What It’s Only 7:30??

It’s really not hard to tire yourself when you have nothing you have to do all day. If someone had told me a few months ago I would be consistently going to bed before 9PM, I would not have believed them. But, as it turns out, this is the truth. Several weeks, even months before our trip we were putting Jaxson to bed at 10 or 11 p.m. and not going to bed ourselves until midnight, trying to get ready for the trip. These days he goes to bed at 8, sometimes 7p.m. because that’s when the adults are calling it a day.

We spent Christmas Day and several after just hanging out on anchor and doing a lot of nothing. After we checked into the Bahamas we motored over to a great little anchorage in the Berry Islands between Chub Key and Bird Key. In the mornings Shawn, Jaxson and I would take the dinghy over to Bird Key. Jaxson and Shawn spent most of their time in the water and I just combing the beach for shells, sea glass, and other interesting items the ocean washed up.
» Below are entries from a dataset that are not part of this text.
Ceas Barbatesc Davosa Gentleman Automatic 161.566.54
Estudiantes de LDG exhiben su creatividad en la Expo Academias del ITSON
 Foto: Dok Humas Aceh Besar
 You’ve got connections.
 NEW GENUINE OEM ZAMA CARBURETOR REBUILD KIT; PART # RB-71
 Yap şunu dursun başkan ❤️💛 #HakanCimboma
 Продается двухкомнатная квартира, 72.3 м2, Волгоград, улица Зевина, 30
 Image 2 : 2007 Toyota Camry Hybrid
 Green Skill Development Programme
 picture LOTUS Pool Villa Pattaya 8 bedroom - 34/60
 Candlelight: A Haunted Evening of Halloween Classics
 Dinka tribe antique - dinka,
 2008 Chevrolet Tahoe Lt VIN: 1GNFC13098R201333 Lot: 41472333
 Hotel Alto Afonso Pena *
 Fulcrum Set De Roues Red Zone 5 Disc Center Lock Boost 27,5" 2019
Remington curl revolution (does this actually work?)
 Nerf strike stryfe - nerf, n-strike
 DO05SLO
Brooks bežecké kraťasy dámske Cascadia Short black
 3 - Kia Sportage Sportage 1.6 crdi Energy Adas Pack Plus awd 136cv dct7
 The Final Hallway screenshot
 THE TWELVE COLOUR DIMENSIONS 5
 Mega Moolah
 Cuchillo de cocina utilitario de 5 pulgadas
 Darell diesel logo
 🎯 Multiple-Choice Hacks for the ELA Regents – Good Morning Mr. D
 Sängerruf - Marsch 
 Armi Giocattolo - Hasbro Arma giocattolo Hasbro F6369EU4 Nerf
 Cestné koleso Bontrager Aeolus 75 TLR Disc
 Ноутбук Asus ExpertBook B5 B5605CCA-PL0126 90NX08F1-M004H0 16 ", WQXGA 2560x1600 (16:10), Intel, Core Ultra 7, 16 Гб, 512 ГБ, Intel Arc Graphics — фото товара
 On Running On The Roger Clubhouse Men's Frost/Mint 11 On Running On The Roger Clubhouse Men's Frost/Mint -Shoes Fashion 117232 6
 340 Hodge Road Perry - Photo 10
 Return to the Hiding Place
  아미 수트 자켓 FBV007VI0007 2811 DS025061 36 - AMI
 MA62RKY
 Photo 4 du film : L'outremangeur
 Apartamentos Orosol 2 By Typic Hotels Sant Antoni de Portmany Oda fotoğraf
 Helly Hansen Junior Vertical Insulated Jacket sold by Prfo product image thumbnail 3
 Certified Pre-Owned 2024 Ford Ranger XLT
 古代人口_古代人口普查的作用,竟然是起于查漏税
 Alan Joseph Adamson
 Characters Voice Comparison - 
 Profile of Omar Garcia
One afternoon, I was re-reading a book about a couple that sailed their boat from Toronto to The Port of Spain. In it the author talks about Conch and how they prepared a dinner of it for a friend. Conch is a local popular food here in The Bahamas, if cleaned and prepared properly the meat tastes like a mix between calamari and scallops. I decided it would be fun to try the Conch experience for myself. Armed with a cutting board, knife, meat tenderizer, and the instructions on how this is done we headed to Bird Key to hunt for conch. Catching the conch is not the hard part, it’s finding them the proper size that can be challenging but on Bird Cay the conch were abundant right at the waters edge and Shawn, Jax, and I searched and found 3 good sized ones pretty quickly. The next part took some figuring out. The book said to punch a hole in the shell between the second and third row of peaks, insert a knife inside and sever the tendon attaching the conch to it’s shell. If you’ve done that correctly the critter comes right out with a yank to it’s foot or claw and you have yourself some conch. Now the not so appetizing part, you cut off it’s eye stalk and other things I can’t name, peel off the outer skin and your finally left with a small hunk of white meat. This piece you beat and pound until it’s twice it’s size and lacy in appearance. Now it’s ready to cook. I used a recipe called “Cracked Conch”, which is really just conch breaded and fried. Almost everyone enjoyed it, unfortunately we found out Natasha is allergic to conch. My cooking it and her eating it and subsequently getting sick helped her figure out this vital snippet of information.

Our next sailing trip we left on December 28th and headed North up The Berry Islands to explore more of The Bahamas. We tucked in behind two islands, Devil’s Cay and White Cay. We had read in the chart books that a Cay close to us had a blue hole. I had no idea what a blue hole was but I thought it was worth finding out. A short dinghy ride and a bit of a hike later and we were at The Blue Hole on Hoffman’s Cay. We snorkeled and explored and enjoyed the experience although we arrived a little too early in the day for the sun to really make the pool look blue.
The last island we visited in this area was Little Gaulding Cay or as we re-named it Gilligan’s Island. It came complete with a bar and 3 beach chairs. The beach was a soft sandy one and there were Royal Palms to shade us in the chairs. The waters were an expanse of turquoise and light blue and there we just enough puffy clouds in the sky to lay on the beach and see what your imagination could come up with. A most perfect afternoon in the Bahamas.